Exercise details. No pictures belong in the result; set down exactly the lines from the one containing "A succulent pork" through the final line of the listing, and nothing more.
Material provided section start
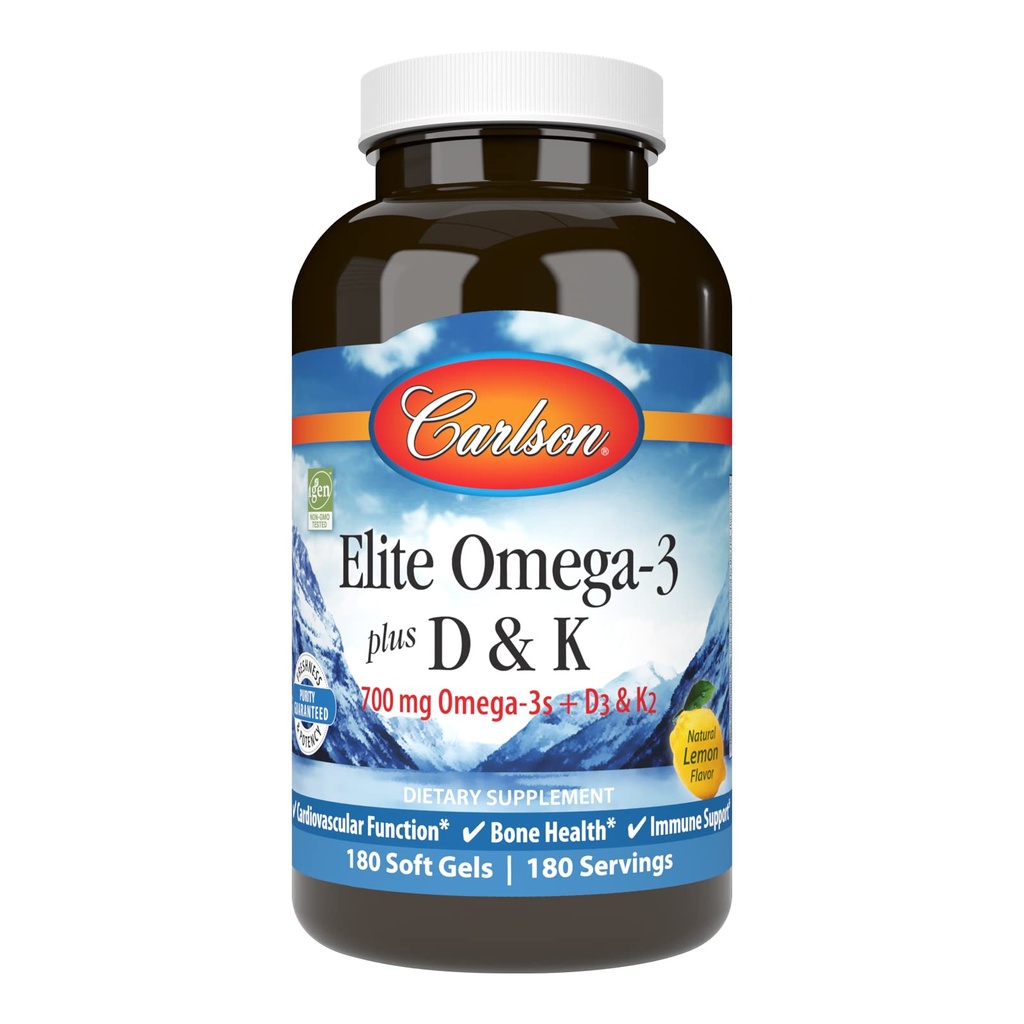 Carlson - Elite Omega-3 Plus D & K, 700 mg Omega-3s + D3 & K2, Λειτουργία, Υγεία των οστών & ανοσοποιητική υποστήριξη, λεμόνι, 180 Softgels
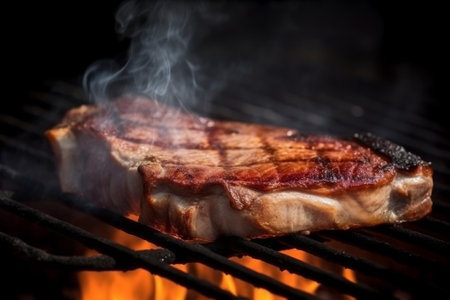 A succulent pork steak being cooked to perfection on a grill emitting smoke from hot coals. Perfect for food and BBQ related projects.の素材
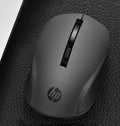 Silent wireless mouse with LED optical sensor in black colour for laptop use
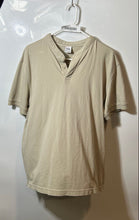 Load image into Gallery viewer, Zara Mens Beige Cotton Henley Neck Short Sleeve Pullover T-Shirt Size Large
Material provided section end
Output.
 A succulent pork steak being cooked to perfection on a grill emitting smoke from hot coals. Perfect for food and BBQ related projects.の素材
 Silent wireless mouse with LED optical sensor in black colour for laptop use
 Load image into Gallery viewer, Zara Mens Beige Cotton Henley Neck Short Sleeve Pullover T-Shirt Size Large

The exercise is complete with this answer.